Formatted question description: https://leetcode.ca/all/2013.html

2013. Detect Squares (Medium)

You are given a stream of points on the X-Y plane. Design an algorithm that:

  • Adds new points from the stream into a data structure. Duplicate points are allowed and should be treated as different points.
  • Given a query point, counts the number of ways to choose three points from the data structure such that the three points and the query point form an axis-aligned square with positive area.

An axis-aligned square is a square whose edges are all the same length and are either parallel or perpendicular to the x-axis and y-axis.

Implement the DetectSquares class:

  • DetectSquares() Initializes the object with an empty data structure.
  • void add(int[] point) Adds a new point point = [x, y] to the data structure.
  • int count(int[] point) Counts the number of ways to form axis-aligned squares with point point = [x, y] as described above.

 

Example 1:

Input
["DetectSquares", "add", "add", "add", "count", "count", "add", "count"]
[[], [[3, 10]], [[11, 2]], [[3, 2]], [[11, 10]], [[14, 8]], [[11, 2]], [[11, 10]]]
Output
[null, null, null, null, 1, 0, null, 2]

Explanation
DetectSquares detectSquares = new DetectSquares();
detectSquares.add([3, 10]);
detectSquares.add([11, 2]);
detectSquares.add([3, 2]);
detectSquares.count([11, 10]); // return 1. You can choose:
                               //   - The first, second, and third points
detectSquares.count([14, 8]);  // return 0. The query point cannot form a square with any points in the data structure.
detectSquares.add([11, 2]);    // Adding duplicate points is allowed.
detectSquares.count([11, 10]); // return 2. You can choose:
                               //   - The first, second, and third points
                               //   - The first, third, and fourth points

 

Constraints:

  • point.length == 2
  • 0 <= x, y <= 1000
  • At most 5000 calls in total will be made to add and count.

Solution 1. Enumerate seen x values

Intuition: For query (x, y), we try each x values we’ve seen, say x1, as the x value of the other vertical edge.
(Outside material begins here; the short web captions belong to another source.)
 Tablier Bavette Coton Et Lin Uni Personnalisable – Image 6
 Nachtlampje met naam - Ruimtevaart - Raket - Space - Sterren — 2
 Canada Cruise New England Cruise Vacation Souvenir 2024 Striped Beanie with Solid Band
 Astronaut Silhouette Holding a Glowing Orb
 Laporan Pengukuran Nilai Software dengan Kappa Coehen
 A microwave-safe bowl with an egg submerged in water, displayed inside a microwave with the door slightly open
Because we want to form squares, there are only two square candidates possible.

Algorithm:

Given query (x, y), we try each x1 values we’ve seen. Another point must be (x1, y).

Since the side length d = abs(x - x1), the y value of other horizontal side must be either y1 = y + d or y2 = y - d.

So the answer is count(x1, y) * [ count(x, y1) * count(x1, y1) + count(x, y2) * count(x1, y2) ].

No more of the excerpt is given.